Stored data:
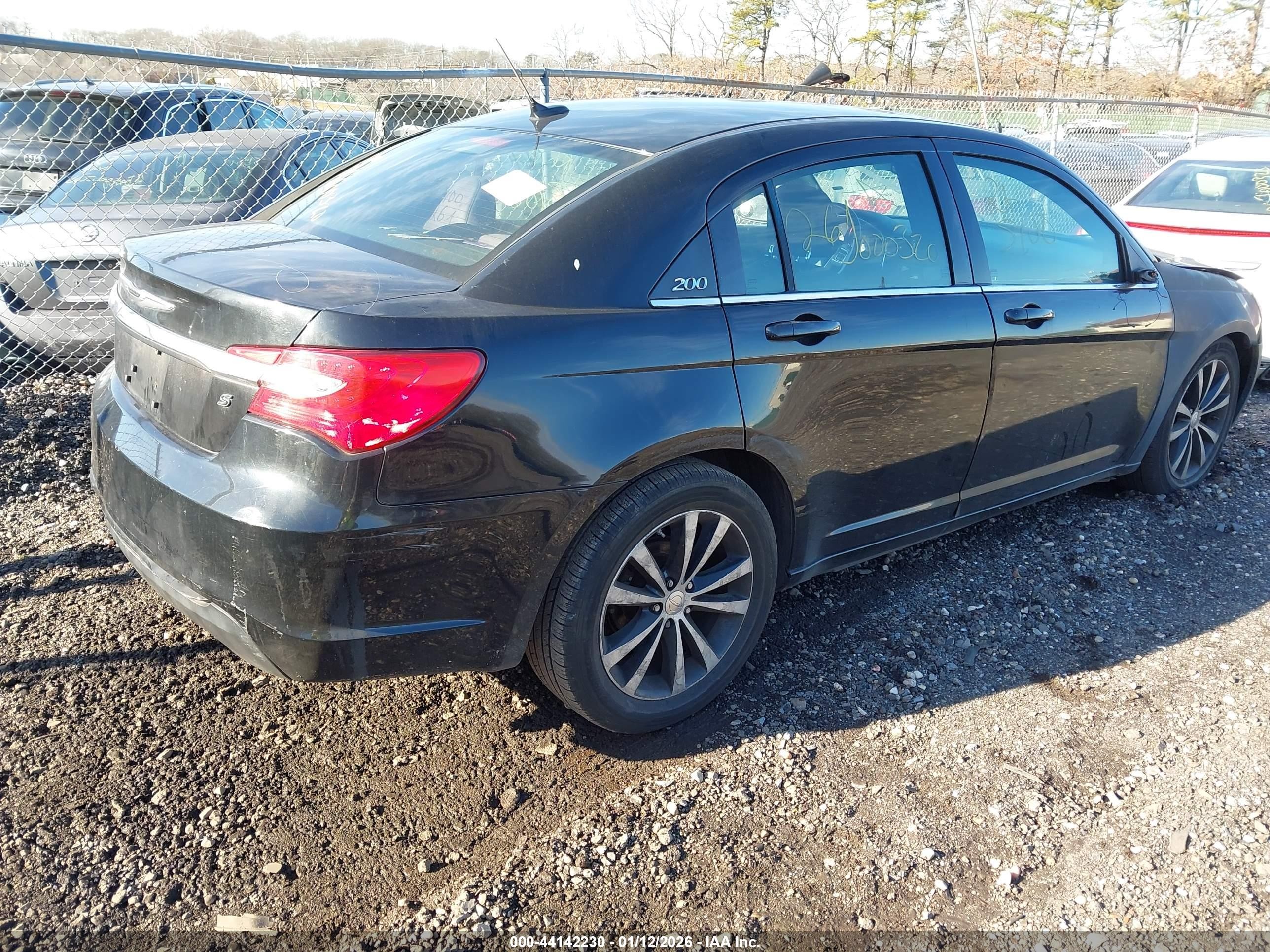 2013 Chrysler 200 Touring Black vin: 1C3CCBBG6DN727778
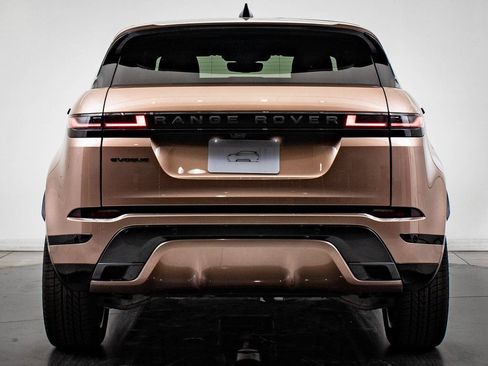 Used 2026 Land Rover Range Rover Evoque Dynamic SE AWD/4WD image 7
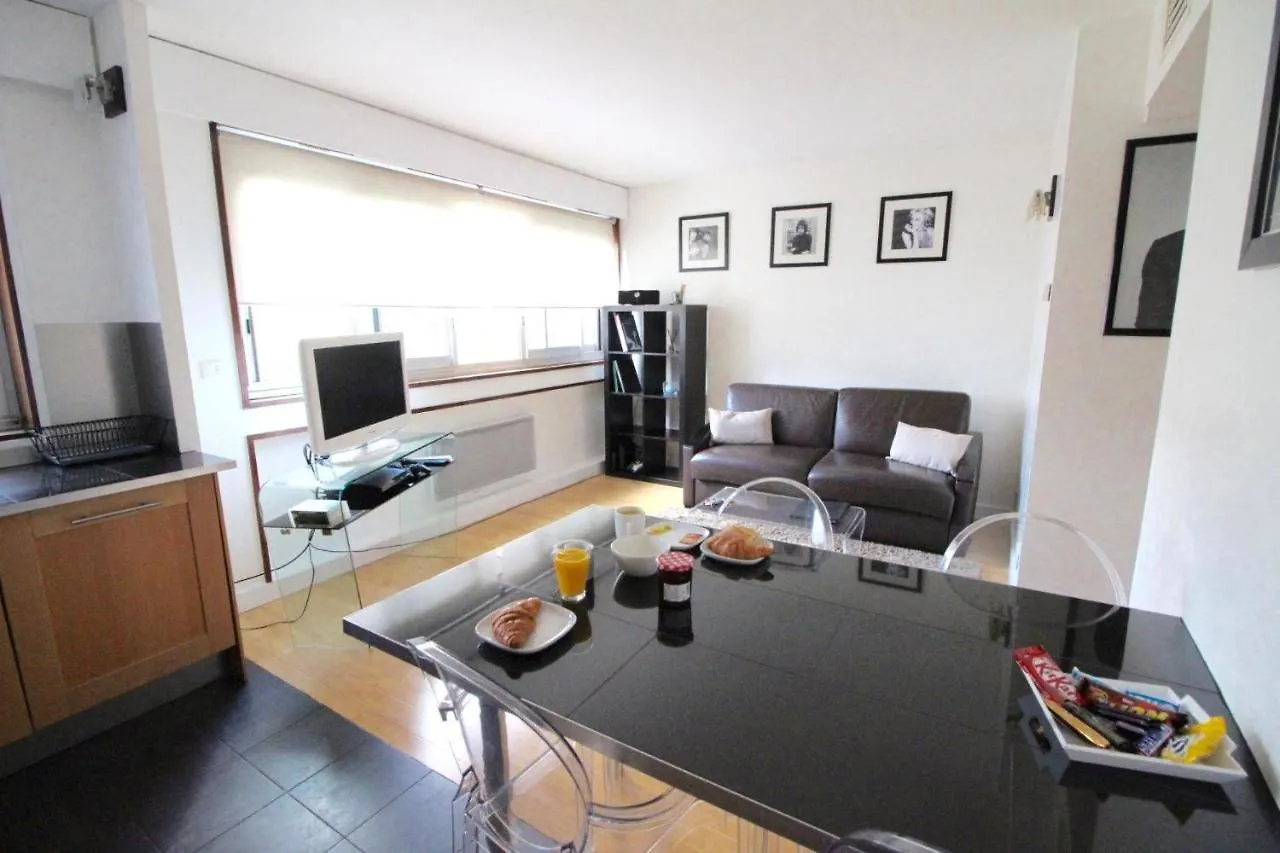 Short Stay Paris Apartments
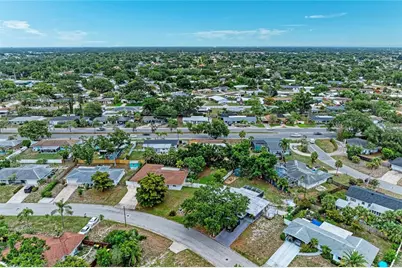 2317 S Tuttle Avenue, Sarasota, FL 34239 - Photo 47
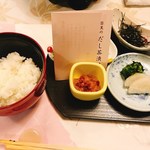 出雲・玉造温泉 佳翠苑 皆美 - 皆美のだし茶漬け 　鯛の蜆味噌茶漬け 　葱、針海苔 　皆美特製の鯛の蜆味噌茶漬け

What is being asked ->
The preceding entries are to be written out again exactly, with the pictures removed.

Answer section ->
 2013 Chrysler 200 Touring Black vin: 1C3CCBBG6DN727778
 Used 2026 Land Rover Range Rover Evoque Dynamic SE AWD/4WD image 7
 Short Stay Paris Apartments
 2317 S Tuttle Avenue, Sarasota, FL 34239 - Photo 47
 出雲・玉造温泉 佳翠苑 皆美 - 皆美のだし茶漬け 　鯛の蜆味噌茶漬け 　葱、針海苔 　皆美特製の鯛の蜆味噌茶漬け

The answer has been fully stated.